The Beauty of Ahimsa
Let’s jump back to today’s era. People nowadays are dealing with several stressors that sometimes trigger anger and violence. According to the studies of the World Health Organization, violence is one of the major causes of death around the world.
Also, if we focus on stress alone, there are lots of negative effects that chronic stress is giving which also leads to human mortality.
It is evident that people who are very stressed tend to become more violent or if not, develop a violent attitude over time as stress indwells a person. This is where the beauty of Ahimsa shines through.
With the virtue of Ahimsa aims toward non-violence, this tenet the yogins must understand help them develop a more positive attitude as they practice yoga asanas as they’re meditating. So, how does Ahimsa impact a person’s well-being?
Physical and Mental Impact of Ahimsa
Understanding that stress has negative impacts on a person’s life, we would surely understand that meditation in Yoga has Physical and Mental health benefits.
First, yoga asanas help stimulate the body’s nerves. promote better blood flow, and helps the body release hormones that counterbalance stress. Meditation that is being coupled with the exercise helps the mind be refreshed. Doing yoga over a longer period of time helps a person have a better mental condition.
Second, with a less stressed condition, a person’s aging process is also slowed lowering the chance of developing different kinds of ailments that range from simple back pains and headaches to more serious diseases like tumors, cancers, and mental health illness that develops over time.

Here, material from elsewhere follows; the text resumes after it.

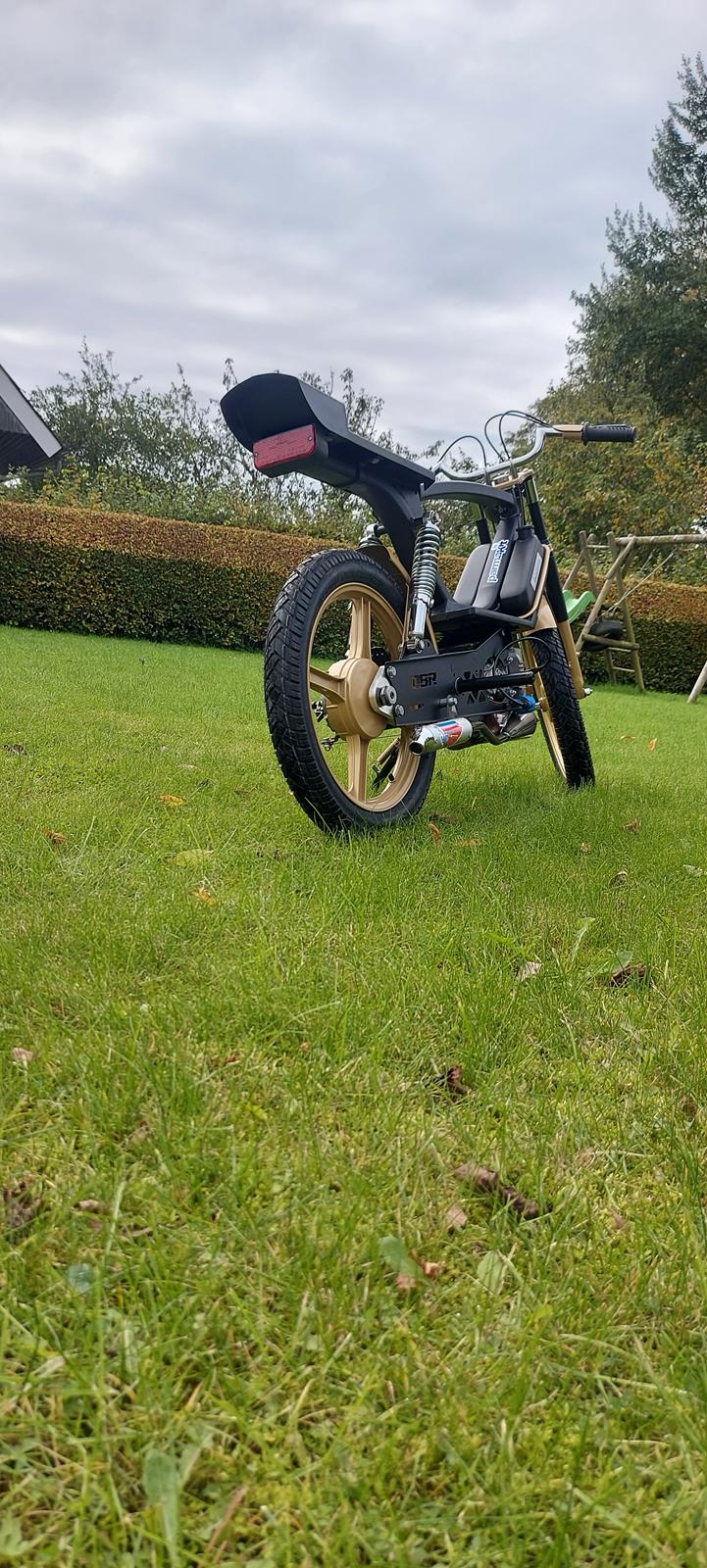 Piaggio Bravo Racer ombygget billede 5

I know you would agree that a person with better blood circulation tends to have a better mood and thus, has better productivity. As we can see, not only the person who practices yoga that benefits the virtue of Ahimsa, but also the community around him.
Ahimsa and the Society
Although sadly undeniable that people nowadays become more and more violent, coupled with the ease of acquiring deadly weapons, violence across the globe is rising and has a negative impact on the living conditions and affects the perspective in the life of people who are directly and indirectly affected.
The virtue of Ahimsa that yogins are promoting as well could lead to a better society considering that if many people promote and adhere to non-violence, surely there will be fewer killings, abuse, and assault happening around since people are in a better state of mind.
Take the Good
You could be a devout of the religion you are in but it will never be wrong to take the good aspects that another religion is sharing.
The practice of Modern Yoga does not require anyone to switch religion nor the acceptance of the virtue of Ahimsa does make you a less religious person.
Promoting non-violence in a world full of stress has great positive effects on your physical and mental well-being as well as on the community that you belong.